Key to the Hickinbotham Merlot is vineyard management – before Carpenter took over the winemaking at the estate, the canopy was covering the fruit, allowing the green pyrazine flavours in the berries to dominate.

He also stressed that it was vital the Merlot vineyards weren’t overcropped, and explained that Merlot’s image had been damaged by the production of poor vines, in part due to the use of the wrong type of clonal material in Australia, but also because it had been planed in the wrong areas in California. However, the grape’s reputation was given a real bashing in cult US film Sideways, which was released in 2004, when the wine-obsessed lead character expresses his hatred for the grape (even though his ideal wine is a bottle of Château Cheval Blanc, which is made with around 50% Merlot).

“In the mid 90s a lot of California companies thought that Merlot was going to be the next White Zinfandel, so they planted a lot for example in Carneros, where it doesn’t get too warm, and the result was weedy Merlot. But after Sideways, Merlot sales plummeted, and Pinot Noir sales increased, so around three quarters of those Merlot vineyards were ripped out and planted with Pinot Noir, which works very well there.

“What was left were the sweet spots for Merlot,” which he said, were Howell Mountain, Spring Mountain, Mount Veeder and Stag’s Leap, although he also expressed his high regard for Verité’s La Muse, which is made from Merlot grown in Sonoma.

4 Responses to “Merlot ‘deserves more attention’ in Australia”

  1. Great article! Hits the nail on the head as to the confluence of factors required to create great Merlot. There is no reason why New World producers cannot create a world class Merlot wine from the right site, if the care is taken and if it given the respect it deserves. Australia is not all beaches and bbq and sunshine in a bottle. Explore the regions and sites capable of producing quality world class cool climate wines. To add to this discussion, on our site at Ruckus Estate, we have created a large parcel of four newer clones of Merlot snd have been blown away with the quality of the fruit. Now this parcel is mature, and based on that quality advantage, we have a single vineyard wine label. Very exciting times for Australian Merlot!

  2. Rita Richter says:

    Hear Hear!!! Thank you Chris. We agree.
    We moved to Tasmania in 1987 to establish our vineyard and grow Merlot & Pinot Gris
    Our Merlot is grown on clay soil, unirrigated,high density, (8800 vines/Ha) low crop and ages beautifully. Our crrent release is the 2008 as it takes that long for the wine to soften and be approachable…but it still has 6-8 yrs cellaring potential. Most of the ‘bad wrap’ that Merlot gets is due to it being made in ‘soft, sweet’ styles…mass produced and over cropped.

  3. Jeff Del Nin says:

    Australian Merlot clones have traditionally been poor. I remember reading something on the Yalumba Nursery site about clone 181 and how excited they were to be getting it. That clone is pedestrian, at best, and will only do well on the very best sites. Other clones such as cl. 347, make superior wine.
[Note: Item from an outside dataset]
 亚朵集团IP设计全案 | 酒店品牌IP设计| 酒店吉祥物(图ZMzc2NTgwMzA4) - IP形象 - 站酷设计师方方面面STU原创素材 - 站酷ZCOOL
    Merlot, despite being ubiquitous, is actually very hard to make into world class wine. I see only about 10% of my total production making it to a world class level, which comes from the best clones on the best sites (aspect and soil). I contrast that to Syrah, which makes about 85% world class wine in our vineyards with no special farming techniques applied.
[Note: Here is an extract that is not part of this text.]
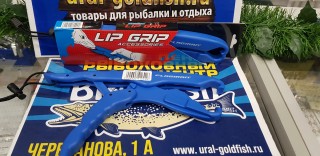  "FLAGMAN" Lip Grip Plastic -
    The rest of my merlot (90%) goes into nice price-friendly blends. It’s never green, but it’s just solid quality with generic dark fruit flavours with moderate density and minimal complexity. It’s role is primarily as a blending grape to which you add tannic and flavour intensity and complexity with cabs and petit verdot.
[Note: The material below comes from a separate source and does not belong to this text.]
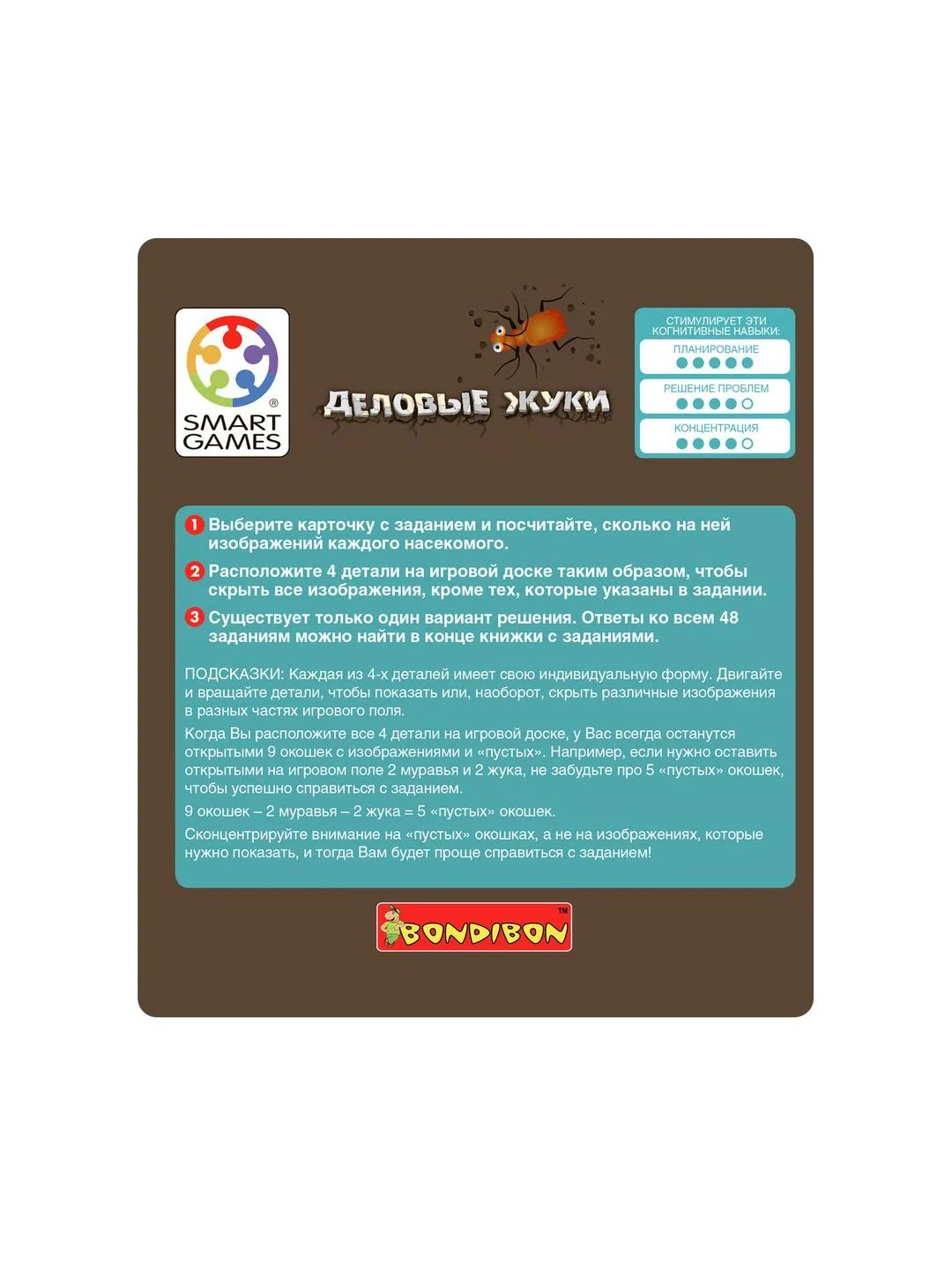 Настольная магнитная игра для детей в дорогу Bondibon Деловые жуки Smart Games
    In my estimation, merlot is tied with pinot is actually the heart-break grape. It’s tough to make a good stand-alone that commands a high price on it’s own.

  4. rob gibson says:

    Certainly USA has more experience with this variety. I enjoyed Chris’ most challenges ,and in particular growing winegrapes from Merlot and Pinot Noir, passion and persistence in the face of easier options is required. .Bordeaux show us that the ” holy grail ” is well worth seeking…unique wines of exemplary quality are possible and clonal improvement is all part of the Aussie experience too.